Pictures in the data below are not part of the copy; transcribe everything else exactly.

### Provided material

=== Begin Enclosure ===

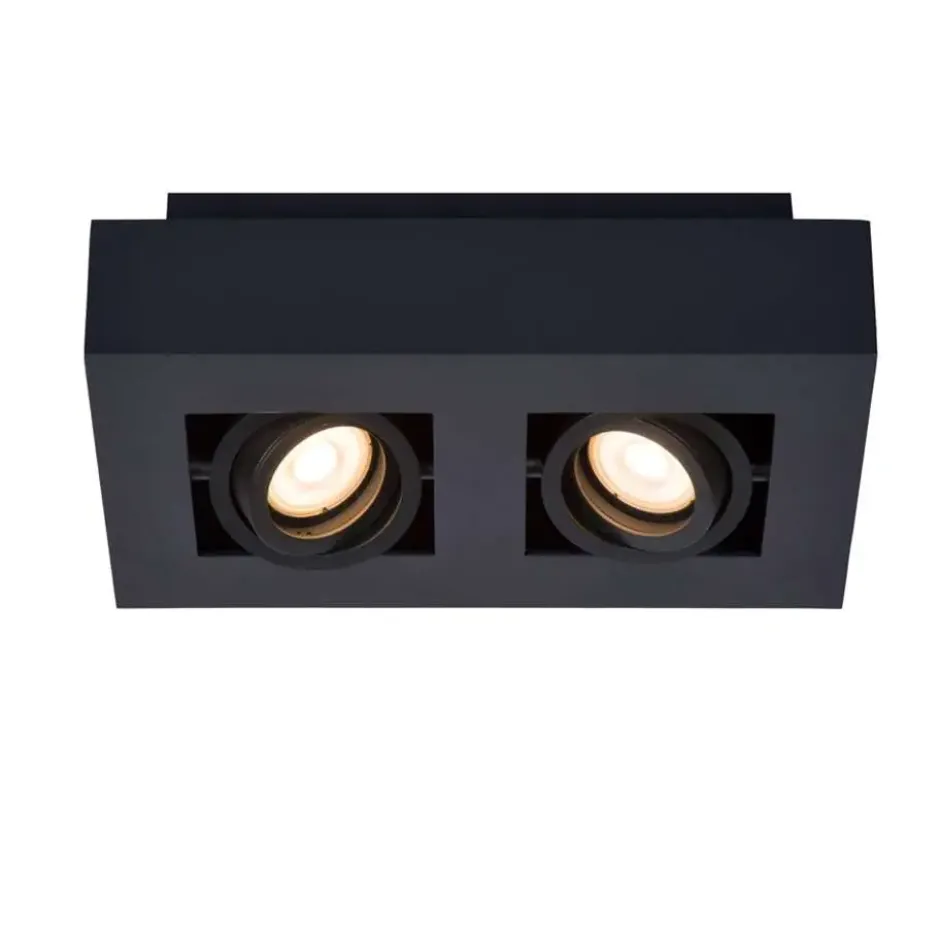Lucide plafondspot Xirax 2 lamp - zwart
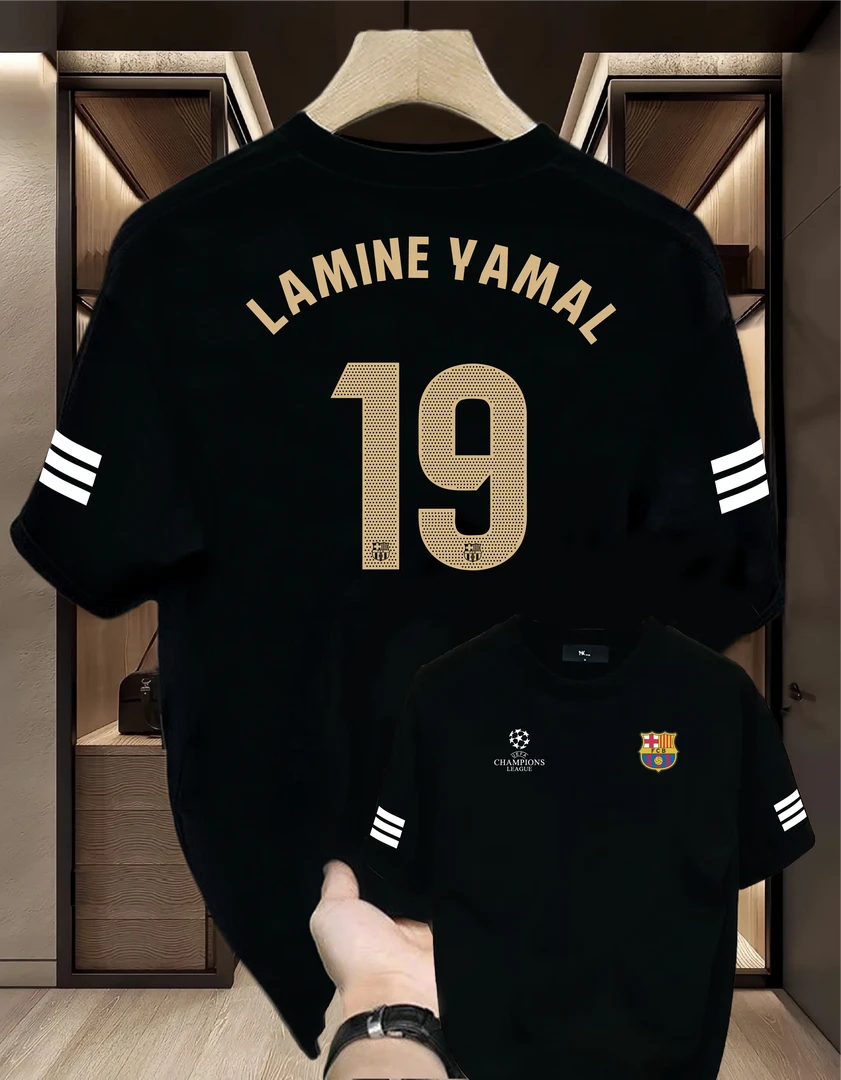 【欧冠版球星号】纯棉足球短袖圆领宽松220克重面料身上版型效果好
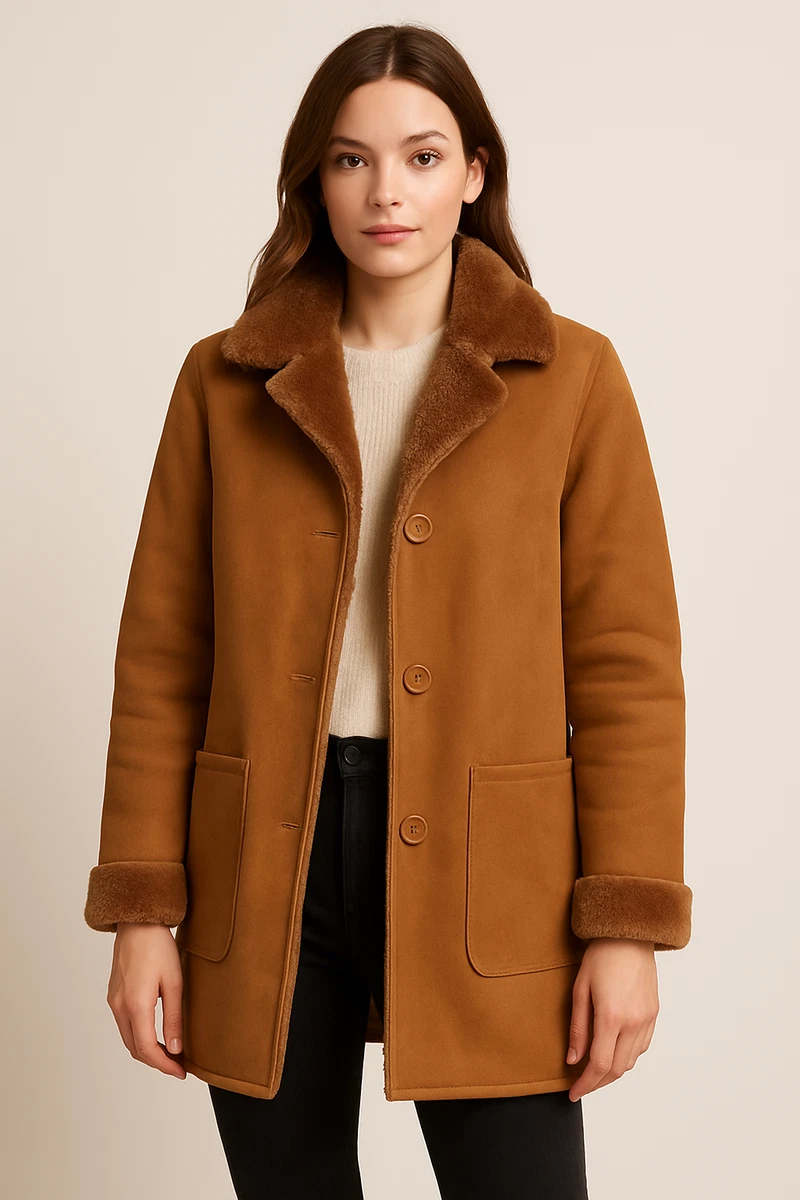 Manteau-veste OAKWOOD Marron Avec Col En Fausse Fourrure - Taille 36 (convient 38) - Neuf Sans étiquette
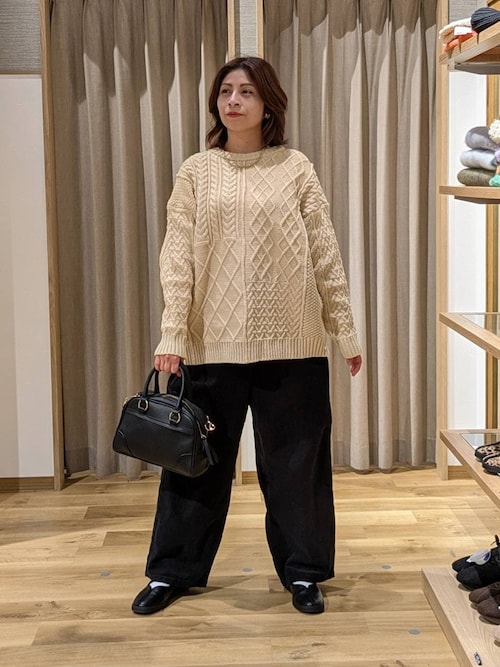 セール】5ゲージふわかるパッチワークニット（ニット/セーター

=== End Enclosure ===

### Output of the task
Lucide plafondspot Xirax 2 lamp - zwart
 【欧冠版球星号】纯棉足球短袖圆领宽松220克重面料身上版型效果好
 Manteau-veste OAKWOOD Marron Avec Col En Fausse Fourrure - Taille 36 (convient 38) - Neuf Sans étiquette
 セール】5ゲージふわかるパッチワークニット（ニット/セーター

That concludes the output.